TASK DIRECTIONS: Write out exactly, excluding pictures, the lines from the one containing "Лампа светодиодная АБВ" through the end of the data, both included.

(Image-text web data)
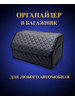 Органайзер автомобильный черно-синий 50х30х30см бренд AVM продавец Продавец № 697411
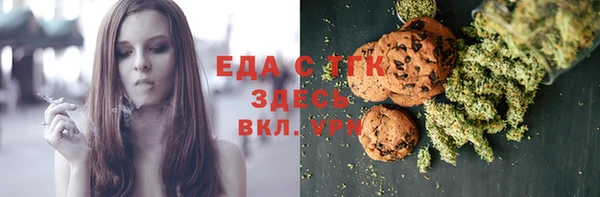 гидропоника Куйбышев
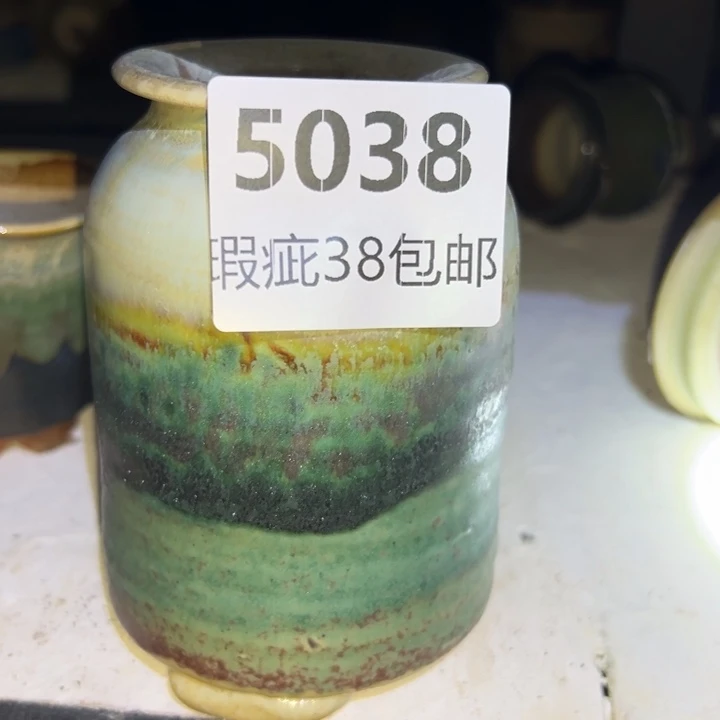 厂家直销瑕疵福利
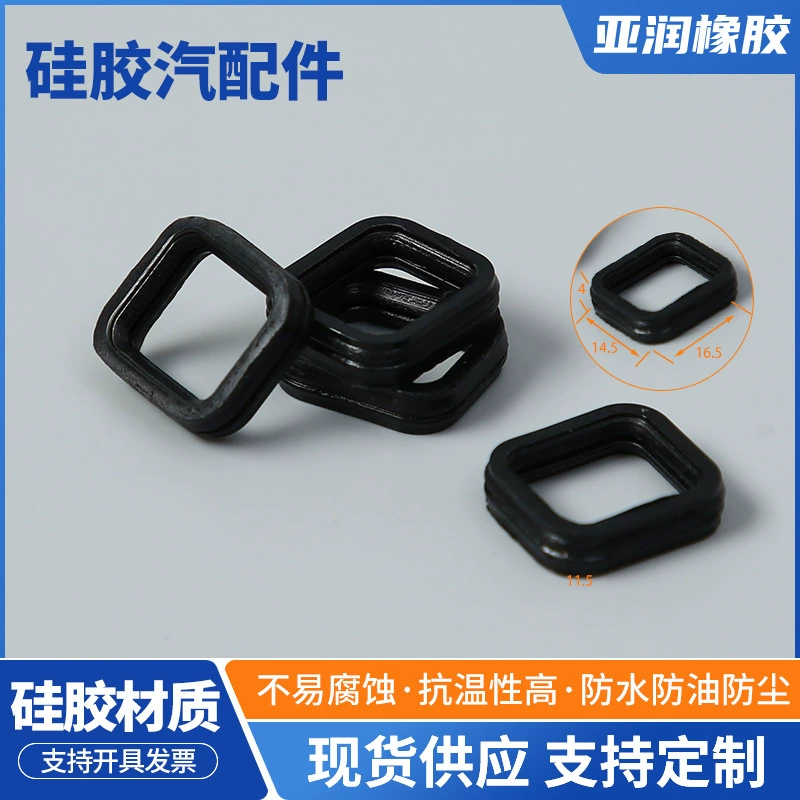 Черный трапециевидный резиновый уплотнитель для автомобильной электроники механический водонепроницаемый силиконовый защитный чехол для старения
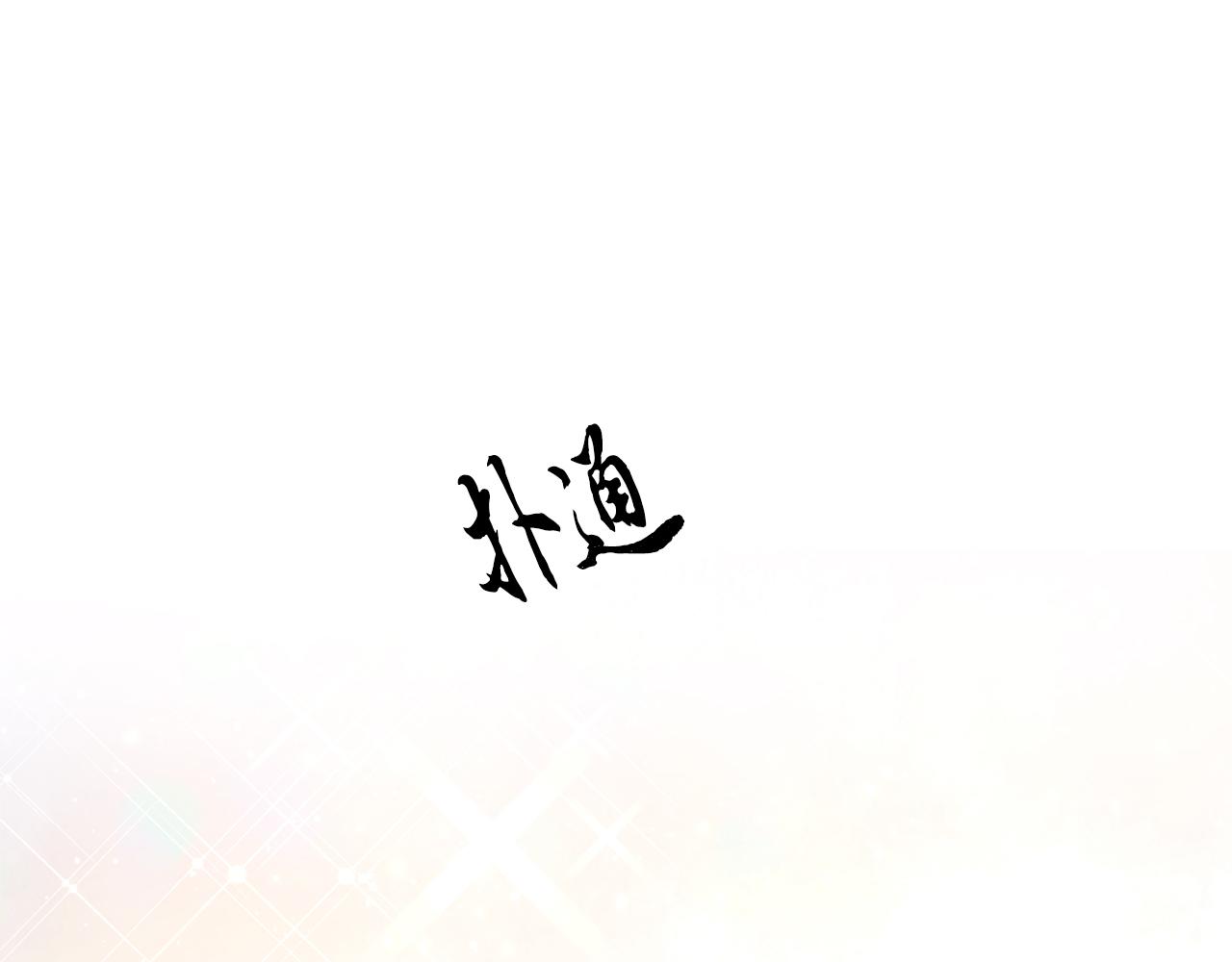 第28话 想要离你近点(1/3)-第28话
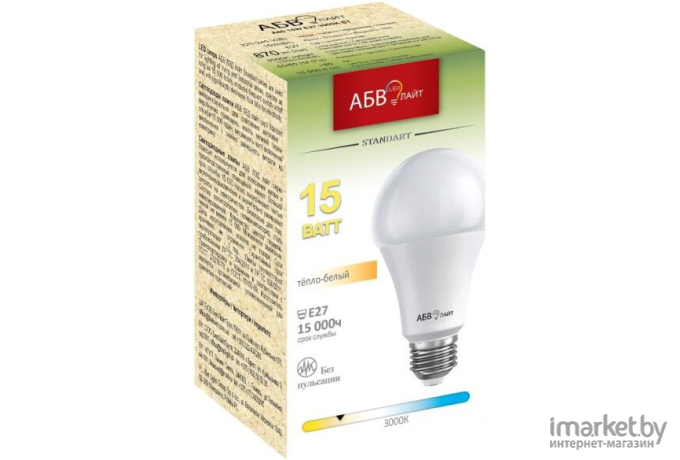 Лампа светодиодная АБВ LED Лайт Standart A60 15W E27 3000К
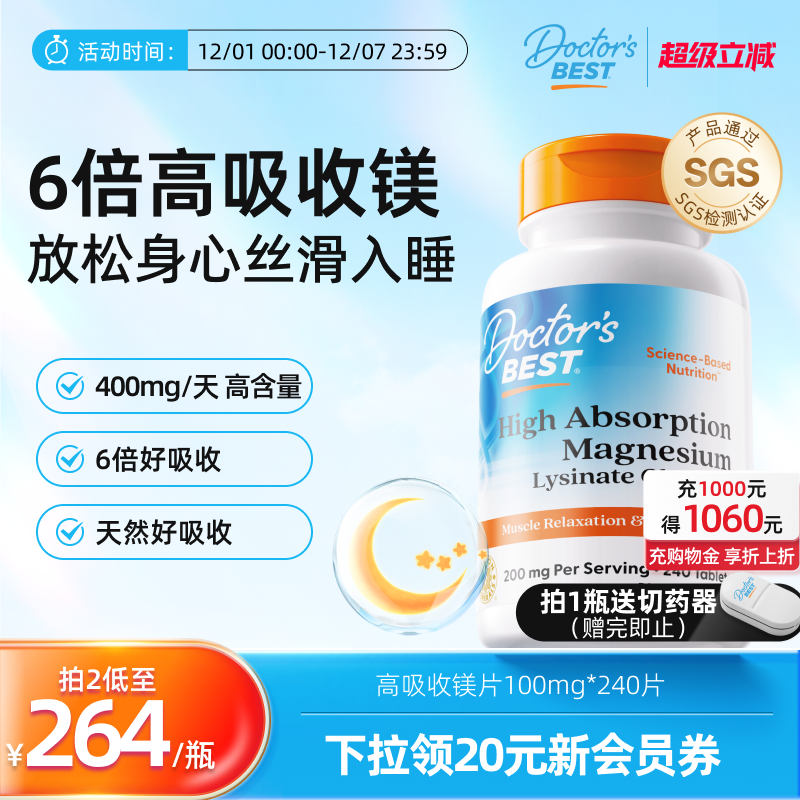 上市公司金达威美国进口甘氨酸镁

TASK SOLUTION:
 Лампа светодиодная АБВ LED Лайт Standart A60 15W E27 3000К
 上市公司金达威美国进口甘氨酸镁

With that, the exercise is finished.